Pisapia sindaco, una vittoria che viene da lontano

Che il tacito patto tra Milano e il centro destra si fosse spezzato personalmente ho cominciato a percepirlo il 6 novembre 2007, alla morte di Enzo Biagi. La camera ardente fu un flusso ininterrotto di persone.
A Biagi poi rifiutarono l’Ambrogino, dapprima perché morto – non per sua scelta! – troppo a ridosso della festa patronale. L’anno dopo perché ormai era troppo tardi.
Quando, insieme ad altri colleghi, regalammo noi alle figlie di Biagi un Ambrogino posticcio ristabilimmo un po’ quel legame tra Milano e uno dei suoi figli adottivi.
Un altro segnale di sfaldamento lo colsi in un avvenimento sempre al Circolo della Stampa.
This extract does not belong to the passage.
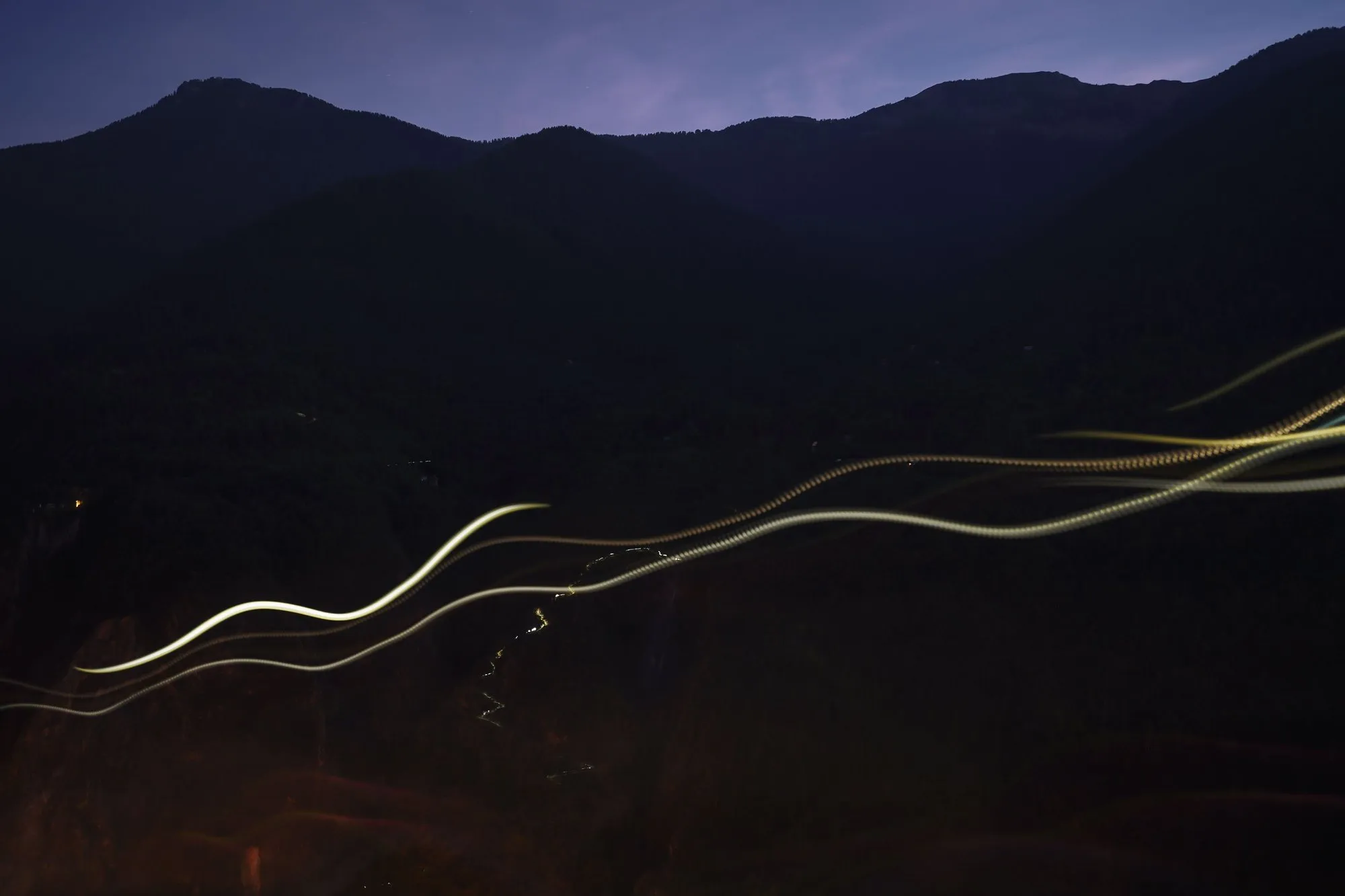 Traînées lumineuses des lampes frontales des coureurs dans la montagne, de nuit, pendant l’UTMB Nice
Il 6 maggio 2009, insieme a Vera Politkovskaja parlammo dell’albero fatto piantare al Giardino dei Giusti di Milano (grazie alla sottoscrizione dei cittadini e al lavoro di Gabriele Nissim). A quell’incontro partecipò Manfredi Palmeri, al tempo presidente del Consiglio comunale in quota Pdl. In sala gli chiesero conto del perché la maggioranza di centro destra stesse bocciando la Commissione antimafia (“la mafia a Milano non esiste” dicevano le autorità) e lui disse che l’avrebbe votata anche se fosse rimasto da solo. Due anni dopo Palmeri siederà in consiglio lontano dai colleghi (ora di minoranza) del Pdl.
Piccoli segnali di scollamento che denotavano grandi crepe. La principale delle quali è stata, a mio avviso, da imputare all’incapacità da parte della Giunta Moratti di ascoltare i problemi della città.
Intorno a Pisapia fin dalla vittoria al primo turno c’è stato un clima di attesa messianica. Che ora non potrà che crescere. Ma il neo sindaco non avrà la bacchetta magica e non potrà risolvere tutti i problemi di una città un po’ allo sbando.
Se continuerà ad ascoltare i cittadini, come ha fatto in campagna elettorale, il suo mandato da sindaco sarà comunque un successo.

Ad maiora

Ps. In queste ore di festeggiamenti, un pensiero non può che andare a mio padre, a Marco Berrini, Marco Formigoni e Beppe Cremagnani. Ovunque voi siate spero stiate brindando assieme. Mi mancate.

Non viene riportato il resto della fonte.